6 Things That Happen When You Let Guilt Control You

Everyone can relate to guilt. Whether it’s from lying to a loved one, insulting a close friend, cheating on a partner, or making a wrong decision, it cuts more deeply than any other emotion.

We agonize over the misdeed, replaying it over and over in our minds, trying to rationalize it, planning what we would have done differently if we had the chance to go back to that crossroad. Yet we know there is no time machine to fix the action. We are stuck in the present, wringing our hands in angst. “I wish… should’ve… could’ve… would’ve… if…” become mainstays in our vocabulary.

When we resolve we had enough of this pain, we bury it. In other words, we throw a sheet over a big, ugly vat of guilt. The torment still exists, but we banish it so we can cope.

The guilt may be out of sight, but it is still in our subconscious mind. Then the real trouble begins.

Sign 1: Strained Professional Relationships

Suppressed guilt ruins your self-image thereby tainting your interactions with people. When stigma is flared into your psyche, you become aware that you are hiding something shameful, and you feel as if your essence is on display for others’ judgment.

The key to a professional relationship is consistency. If one employee is off his rocker, yet lovable, his peers will adapt and accept him.

However, this is not the case if you are composed on Monday, moody on Tuesday, manic on Wednesday, and anxious on Thursday.

This behavior stimulates mistrust since no once in business will interact long-term with an unpredictable associate.

Sign 2: Tired, Distracted, and Late

Subduing guilt scorches a lot of mental energy. As a result, you become disconcerted.

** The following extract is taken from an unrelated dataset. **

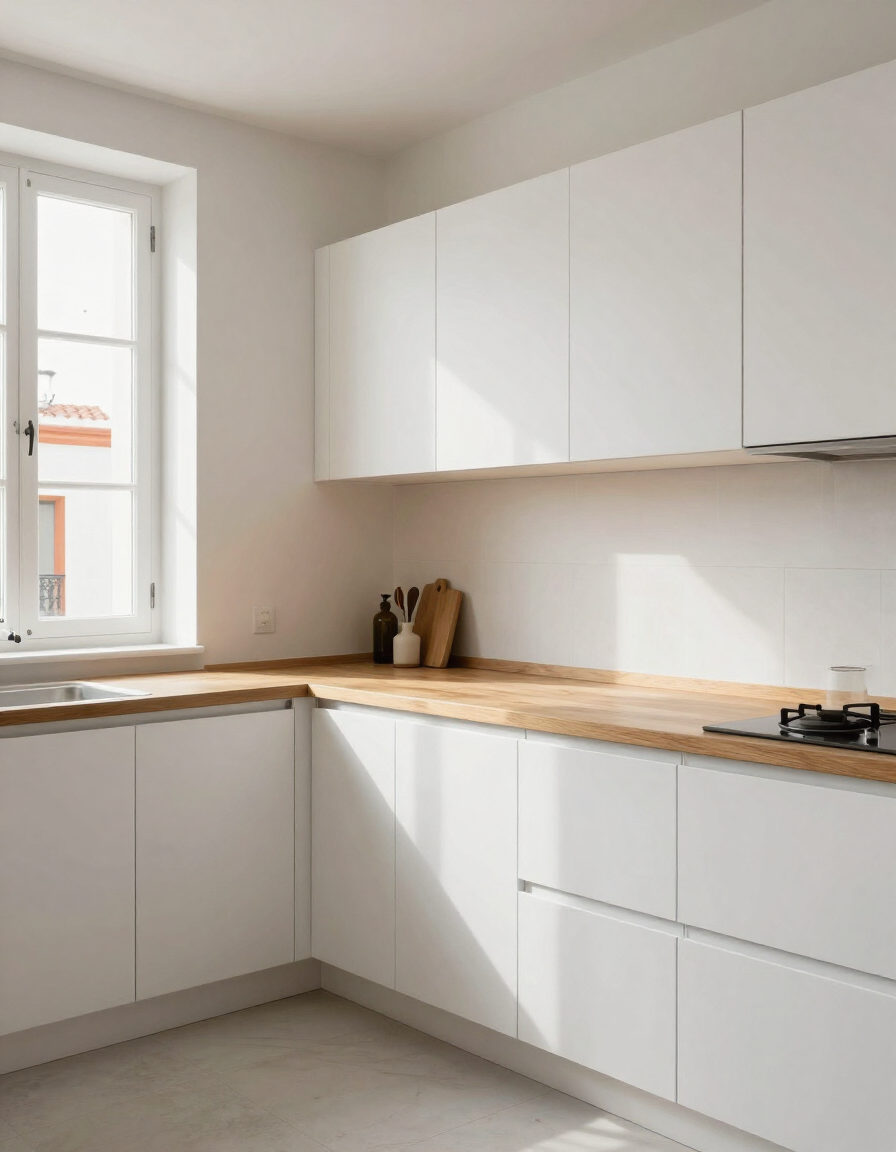 Cocina reformada con muebles blancos y encimera de madera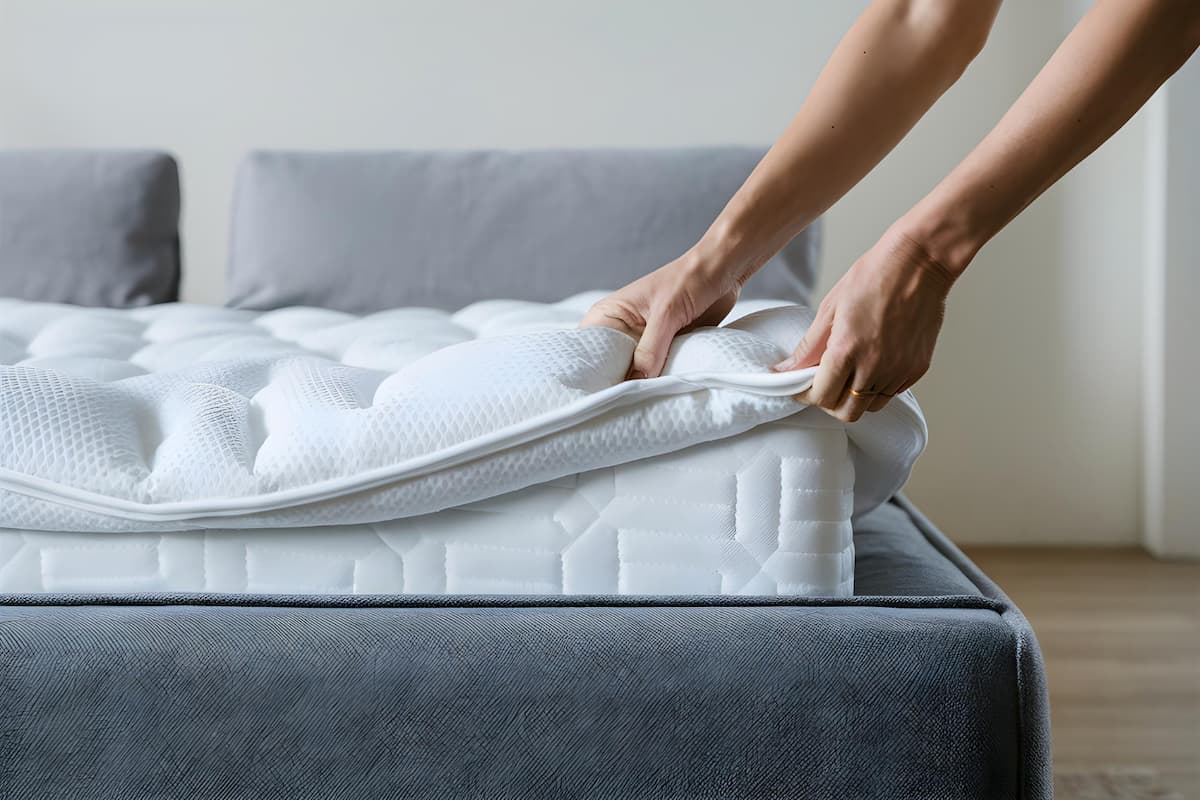 Des mains tatent un matelas et un sur matelas de tres grande qualite touche moelleux pour un bon sommeil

A wide-eyed “wait, sorry, what?” becomes increasingly often until you cannot attribute this haze to a bad night’s sleep, an oncoming cold, anxiety about politics, or stress about a future zombie apocalypse.

While you should be at optimal functioning, working hard, being bold, you are stuck in a daze fighting away an onslaught of remorseful thoughts.

Sign 3: Offensive Jokes

Everyone has something that makes them laugh, from slapstick to dry humor. According to Plato, a manifestation of superiority over people who are less fortunate than we are is what makes us laugh. Philosophers can debate this, but it is definitely true for those who are guilt-ridden. They never seem to have a punchline to their ridiculing banter. They insist it was a joke, but in the end, it was a jibe.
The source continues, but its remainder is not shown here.